L'épuration d'un épurateur
Nicolas Roubachof est un révolutionnaire. Il en l’âme et la vie. Depuis 1917 il a combattu pour un monde meilleurs, pour liberer l’homme du joug de l’oppression. En bon révolutionnaire il n’a pas reculé devant les sacrifices nécessaires à la venue d’un monde meilleur : Collectivisation forcée, élimination des opposants politiques, alliance avec les nazis…. Encore récemment il a sacrifié sa maîtresse sans remords pour le bien de la révolution
Car Roubachof ne s’encombrait pas de conscience individuelle ou de morale humanisme, des freins à l’action révolutionnaire pour lui et ses pairs.

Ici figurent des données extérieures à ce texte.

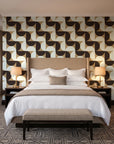 Ember Mosaic Mocha retro geometric wallpaper behind the headboard of a king bed in a contemporary hotel guest room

Aujourd’hui comme beaucoup d’autre organisateurs de à la révolution de 1917, Roubachof est en prison, accusé d’action anti-révolutionnaire, de sabotage, d’accointance avec une puissance étrangère et de complot visant la vie de « N°1″.
Situation absurde et historiquement exacte, il accusé d’avoir comploté contre la révolution dont il fut l’un des piliers.
Réquisitoire contre les procès de Moscou, Le Zéro et l’infini est un livre remarquable où s’affronte deux idéologies : l’idéalisme révolutionnaire et ‘humanisme des lumières.
D’un coté le jeune officier soviétique qui interroge Roubachof pour qui l’homme est le zero de l’arithmétique historique, qu’il peut être sacrifié, en masse si nécessaire, pour le bien futur de l’humanité.
En face, Roubachof, en proie au doute et qui se demande si l’humanisme pour qui l’homme est un infini qui possède des droits inaliénables – dont celui de vivre – n’est pas dans le vrai.
Le style concis mais pas sec, la narration simple, l’unité de lieu autant d’éléments qui donnent au roman une grande force. Roubachof est arrêté, pendant sa détention il est assailli par le doute et revisite les épisodes les plus marquant de sa vie. Interrogé par un communiste zélé et convaincu, il devra choisir entre servir la révolution une dernière fois en avouant ses crimes ou revendiqué son humanisme et sa conscience individuelle en proclamant son innocence.
Le zéro et l’infini est clairement un livre à thèse,mais si il n’était que ça il ne serait pas très intéressant. C’est aussi un grand roman
Les personnages sont réussis et crédibles – mention spécial au voisin de cellule qu’on ne verra jamais de tout le livre -, Roubachof est complexe et intriguant, les dialogues admirables et il y’a plusieurs idée de mise en scène très bien trouvées. Le tout dans un style fluide mais pas dépourvu de poésie.
Le dialogue en prison sur la liberté, la manipulation et la nature humaine, morceau de bravoure du roman, rappellera forcement aux lecteurs de Dostoïevski le passage sur Le grand Inquisiteur dans les frères Karamazov
Simplicité et force de la trame narrative, fluidité du style, casting resserré mais marquant, Le zéro et l’infini est un très beau et court roman, abordable par tous mais avec une vrai profondeur historique et philosophique.
Il ne devrait laisser aucun lecteur indifférent et les doutes de Roubachof vous accompagneront longtemps après avoir refermé le livre.